### TASK GOAL
The material below holds the lines to copy: from the one with "Next step: substitute" up to and including the one with "Hello there, I'm". Copy them exactly and skip the pictures.

Segment Start: INFORMATION SUPPLIED

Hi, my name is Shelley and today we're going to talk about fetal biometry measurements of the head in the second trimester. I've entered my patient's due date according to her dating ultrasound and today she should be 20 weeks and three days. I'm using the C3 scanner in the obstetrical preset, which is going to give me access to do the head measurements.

Segment End: INFORMATION SUPPLIED
Segment Start: INFORMATION SUPPLIED

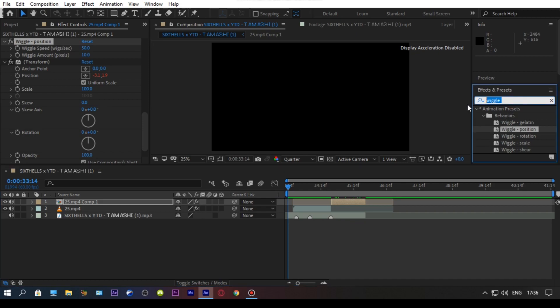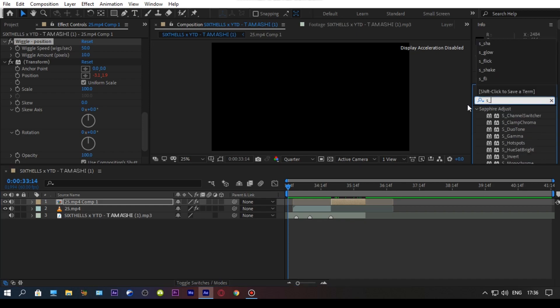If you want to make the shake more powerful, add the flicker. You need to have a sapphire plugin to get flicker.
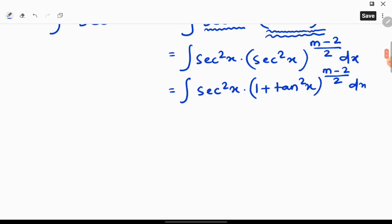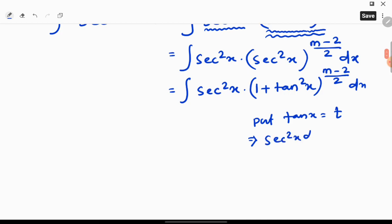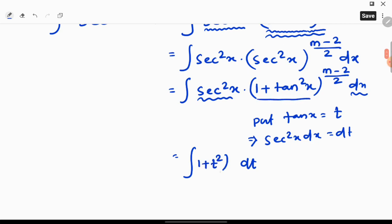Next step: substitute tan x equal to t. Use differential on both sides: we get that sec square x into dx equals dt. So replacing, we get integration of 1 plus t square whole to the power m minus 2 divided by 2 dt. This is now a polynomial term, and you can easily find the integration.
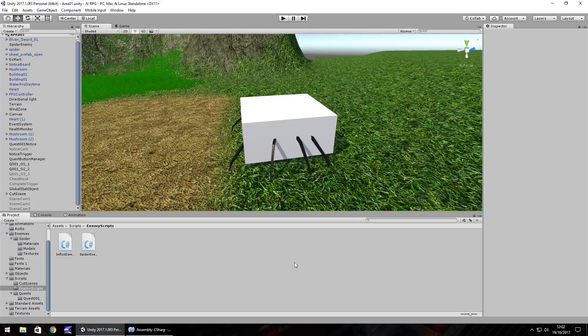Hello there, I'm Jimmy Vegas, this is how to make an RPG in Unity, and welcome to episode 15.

Segment End: INFORMATION SUPPLIED

### ANSWER SPACE
Next step: substitute tan x equal to t. Use differential on both sides: we get that sec square x into dx equals dt. So replacing, we get integration of 1 plus t square whole to the power m minus 2 divided by 2 dt. This is now a polynomial term, and you can easily find the integration.
Hello there, I'm Jimmy Vegas, this is how to make an RPG in Unity, and welcome to episode 15.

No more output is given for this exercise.